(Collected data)
■ ■ ■

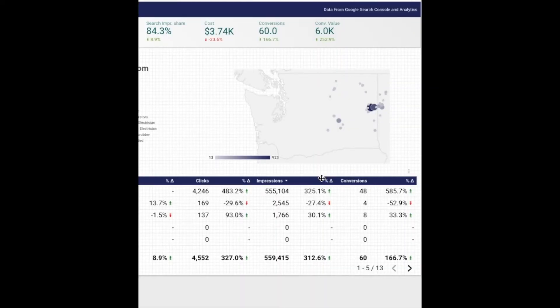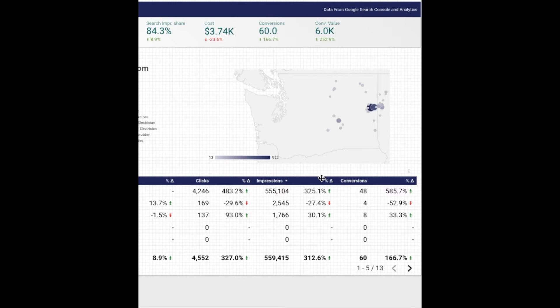For example, blending cost and revenue would automatically calculate your return on ad spend. This site is a local lead generation site rather than an e-commerce site, so we will be calculating cost per conversion value to see our return on ad spend.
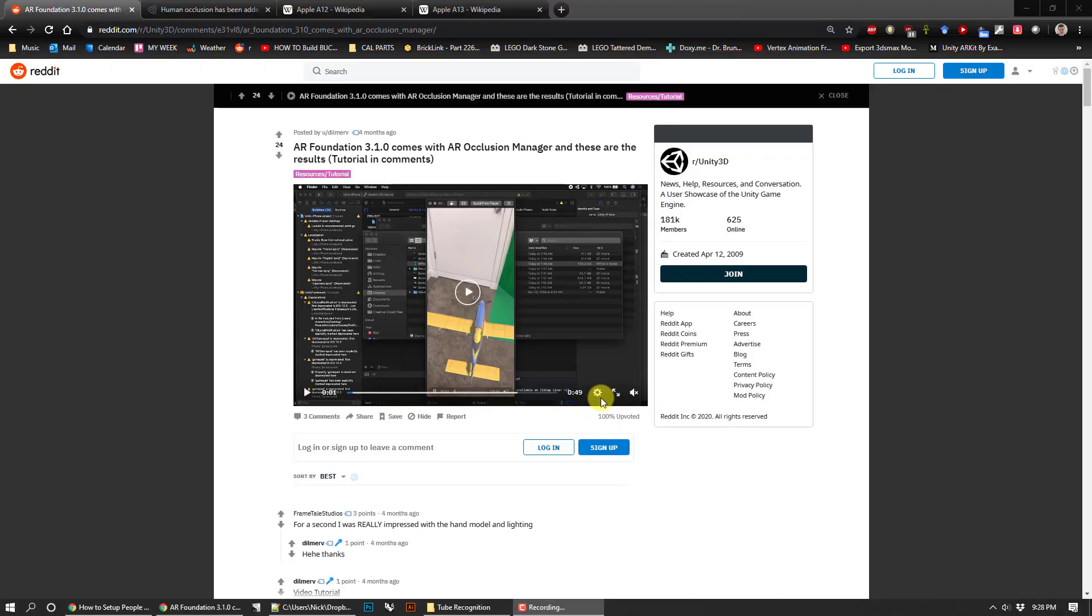Hey everybody, it's Nick. For today's tutorial, I'm going to talk about how to add human occlusion to your Unity augmented reality apps. This is not my work but I'm trying to simplify this process for people, just to make a shorter video that gets to the point.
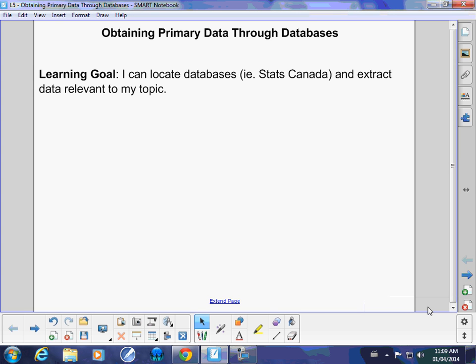Hello and welcome to lesson number 5 in the project strand. The topic is obtaining primary data through databases. What I want you to be able to do after you watch this video is locate a database - we're going to be using Stats Canada - and extract the data relevant to your topic. I'd recommend you get up your internet browser, pause the video and do it with me, so it's done and over with and you can follow through.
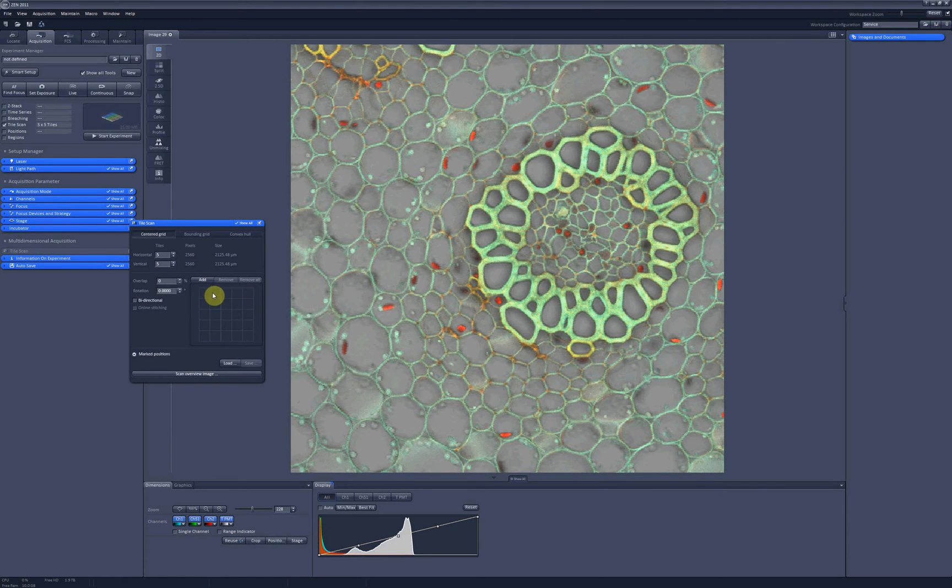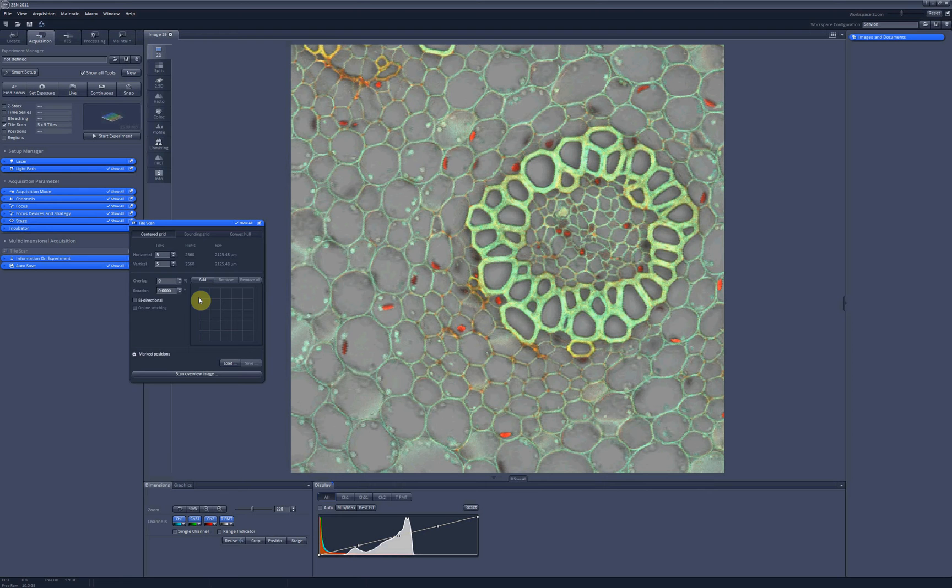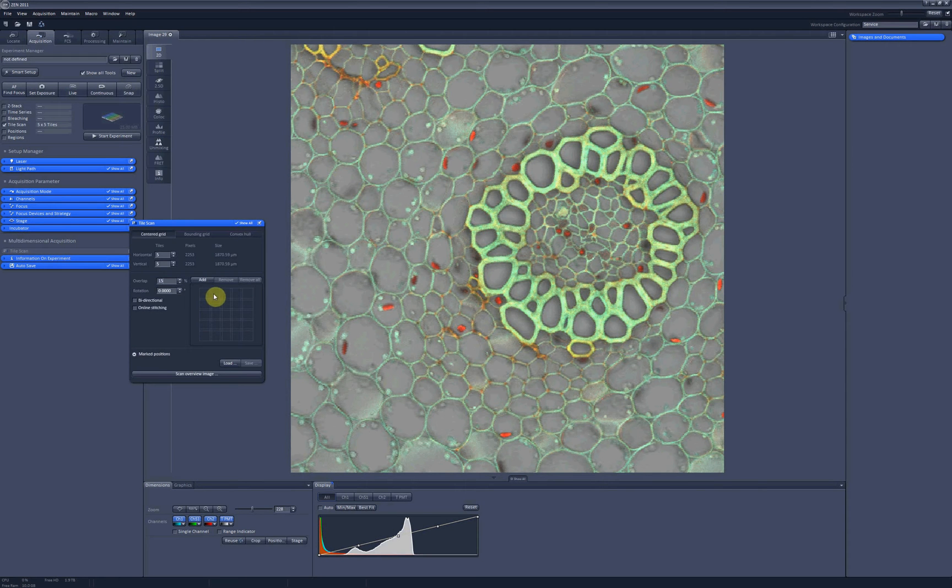The size of each tile will be the size of your acquisition area. To stitch the tiles together in a better way, it's good to have some overlap between them. To my experience, 15% gives quite nice results. Now you can see how the tiles overlap.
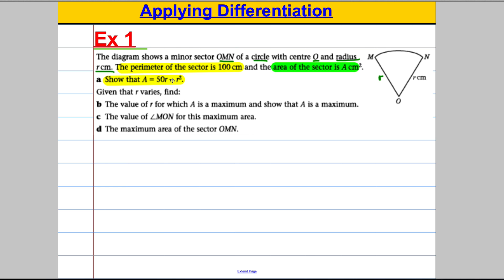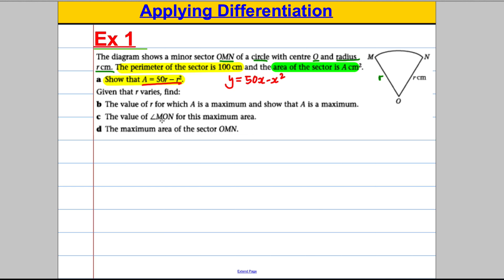If you have the formula for A given in part A, the rest is just a differentiation problem. It says given that R varies — this is just like a formula Y in terms of X. Given that X varies, find the value of X for which Y is a maximum and show that Y is a maximum. It's the exact same problem with A's and R's as it usually is with Y's and X's. We're basically finding the maximum and showing it's a maximum using the second derivative, then finding the maximum area and the value of the angle.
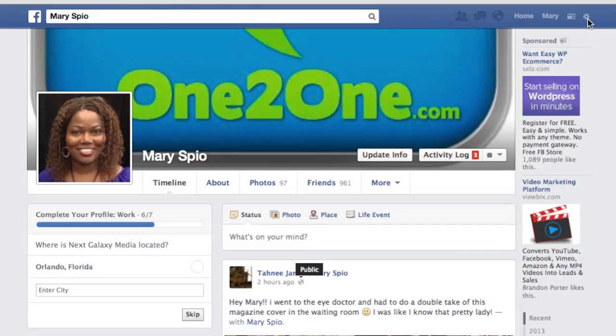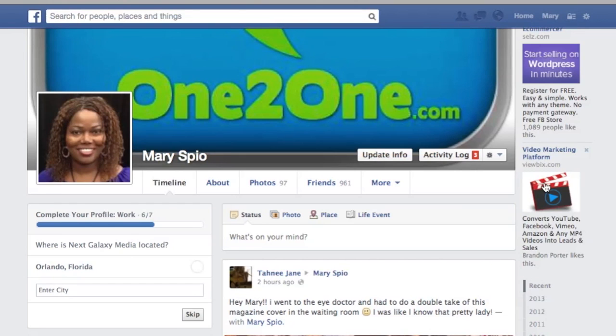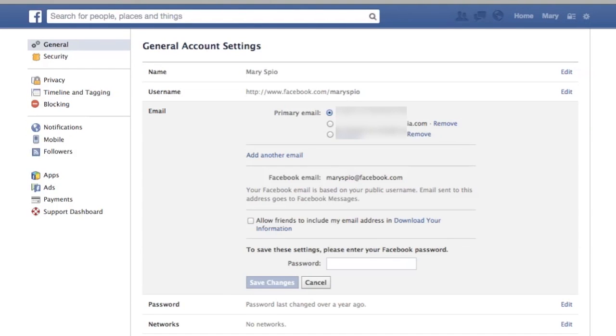In order to change your primary email on Facebook you have to at least have one email. What you do is go down to your account settings, and you'll see where it says Email. Go to Edit and it gives you the different options on what you'll be able to set as your primary email. In my case I have these three emails here.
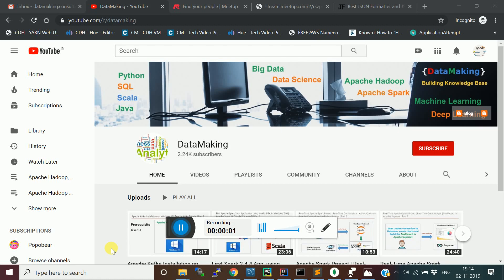Hello friends, welcome to my channel Data Making. In my channel you can watch technology videos on Hadoop and Spark. Please subscribe to my channel to get more technology videos.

■ ■ ■

**EXERCISE AIM**
Above are the records; copy exactly the lines from the one with "Hey everybody, it's" through the one with "In order to", including both, and nothing more. Leave out pictures.

**EXPECTED ANSWER**
Hey everybody, it's Nick. For today's tutorial, I'm going to talk about how to add human occlusion to your Unity augmented reality apps. This is not my work but I'm trying to simplify this process for people, just to make a shorter video that gets to the point.
Hello and welcome to lesson number 5 in the project strand. The topic is obtaining primary data through databases. What I want you to be able to do after you watch this video is locate a database - we're going to be using Stats Canada - and extract the data relevant to your topic. I'd recommend you get up your internet browser, pause the video and do it with me, so it's done and over with and you can follow through.
The size of each tile will be the size of your acquisition area. To stitch the tiles together in a better way, it's good to have some overlap between them. To my experience, 15% gives quite nice results. Now you can see how the tiles overlap.
If you have the formula for A given in part A, the rest is just a differentiation problem. It says given that R varies — this is just like a formula Y in terms of X. Given that X varies, find the value of X for which Y is a maximum and show that Y is a maximum. It's the exact same problem with A's and R's as it usually is with Y's and X's. We're basically finding the maximum and showing it's a maximum using the second derivative, then finding the maximum area and the value of the angle.
In order to change your primary email on Facebook you have to at least have one email. What you do is go down to your account settings, and you'll see where it says Email. Go to Edit and it gives you the different options on what you'll be able to set as your primary email. In my case I have these three emails here.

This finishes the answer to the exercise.